Q2. Do you still enjoy your work?
Yes, well to be accurate, yes most of the time! Now I get pleasure out of seeing younger conveyancers in the department develop and my difficult cases getting safely over the line rather than the volumes I used to do.
Q3. When you are onboarding a new client, can you share examples of situations where alarm bells might ring and when you would decline to act?
The client who rings to instruct you saying they want to exchange and complete within 10 days; they do not want a survey or searches and their uncle will be transferring the full purchase price from his US Virgin Islands account is one from last year. Another recently when we asked about source of funds became very aggressive, very quickly, and wanting to know what business their wealth was to do with us? Er… thanks but no thanks.

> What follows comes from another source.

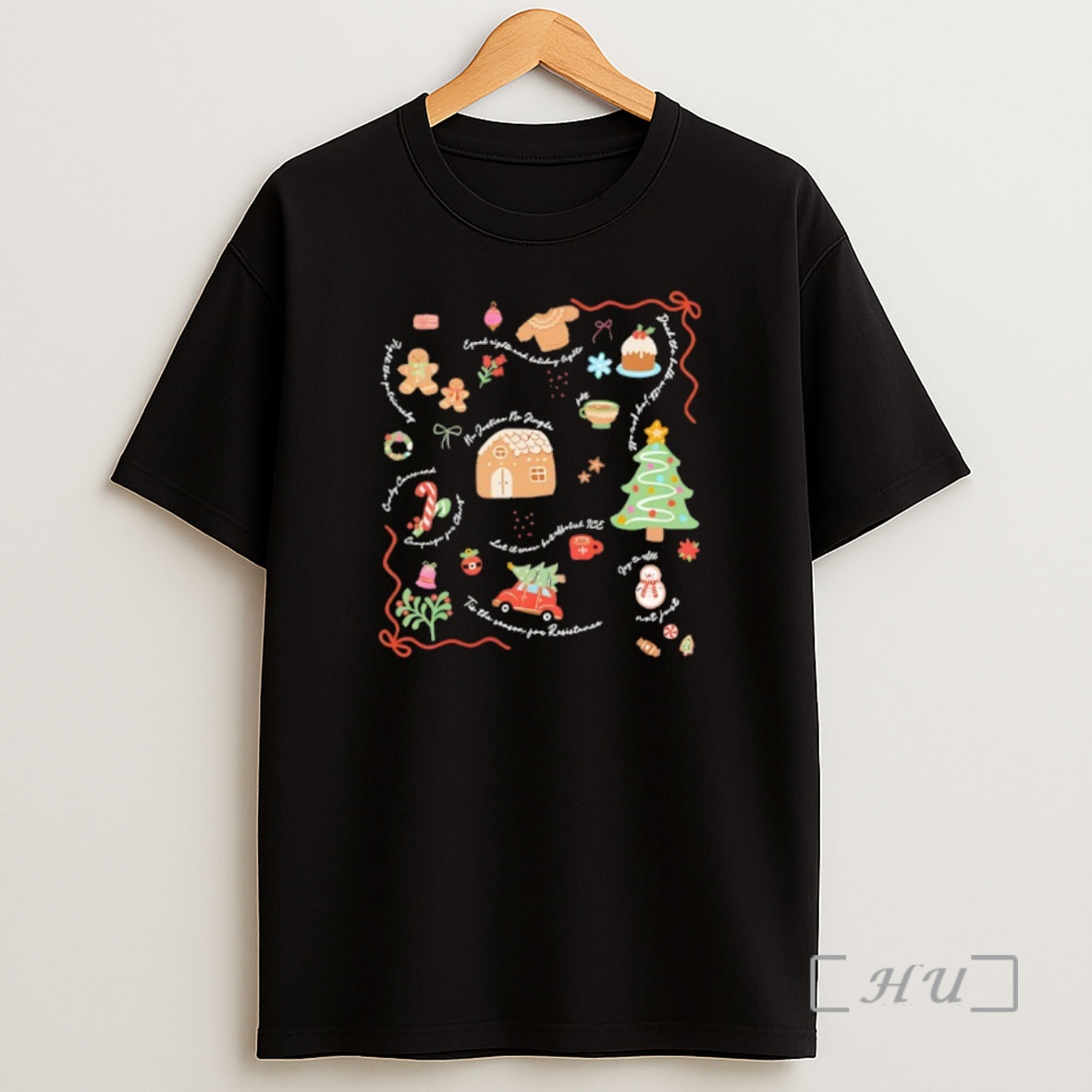 Officials Doodle Liberal Values Holiday Subtle Anti Trump Christmas Premium Shirt Sweatshirt Tee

Q4. If there was one thing you could suggest to make the residential conveyancing process smoother and more efficient, what would it be?
One Statutory instrument that implemented a requirement that leasehold management companies need to provide full replies to an LPE1 within 7 days of request at a maximum fee of £200 including vat. And a licencing authority to implement it.

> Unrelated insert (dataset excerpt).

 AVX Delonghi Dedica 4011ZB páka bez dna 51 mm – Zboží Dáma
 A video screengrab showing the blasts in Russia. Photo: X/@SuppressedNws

Q5. If you were taking on a new trainee or member of your support staff what would be your three most important pieces of advice when acting for a buyer in a residential transaction?
We have a number of trainees and so this is from a chat I had with one this week:
Know your client and what they are trying to achieve. This does not just mean taking some ID, doing a verification, and looking at a bank statement regarding their deposit. Talk to them! Is there anything they have seen when they offered that they want us to find out about or check from their visits? Are they going to live at the property themselves? Are they expecting to do works to the property? How are they going to jointly own the property? The list goes on and a 5-minute call at the outset gives you so much information and hopefully makes you seem human to the client. Building rapport and trust is critical.

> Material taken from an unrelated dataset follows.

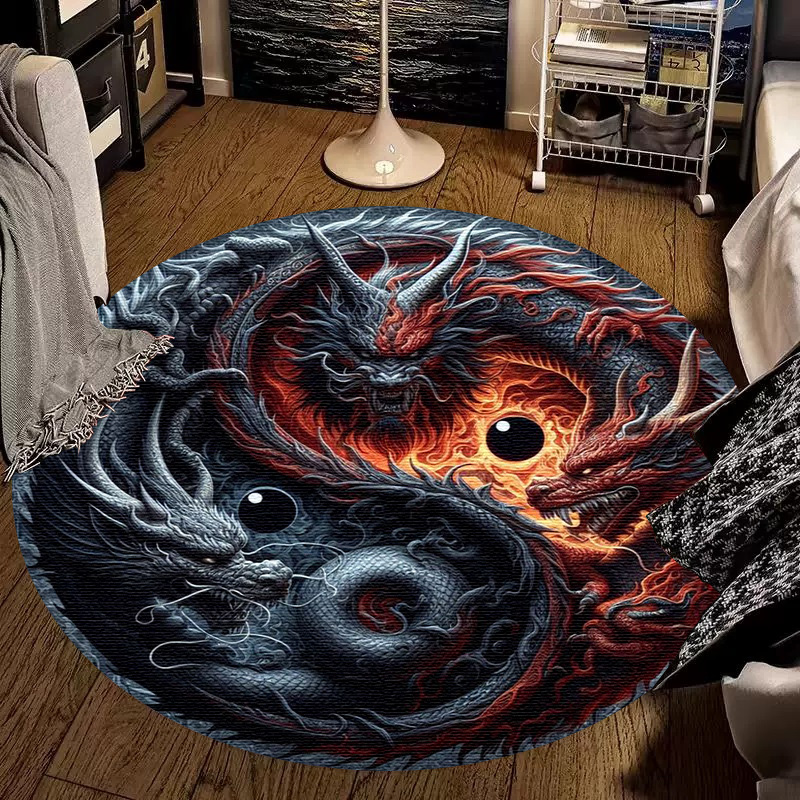 Large Round Carpet Rug Living  - Outdoor Camping Mats Large avaliação e preço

Q6. How do you deal with pre-exchange buyer client inspection?
We suggest to the client they need to inspect the property when we send them replies to enquiries explaining the reasons why that is a good idea.
Q7. Where do you stand on reporting on title? Do you prepare interim reports on title or a full and complete report on title when the due diligence process is completed?
I am going to fudge this by saying both. We report on searches, protocol documents, mortgage, plans and replies to enquiries as and when we get them. Once we have everything, we then contract report sending them everything as a final summary.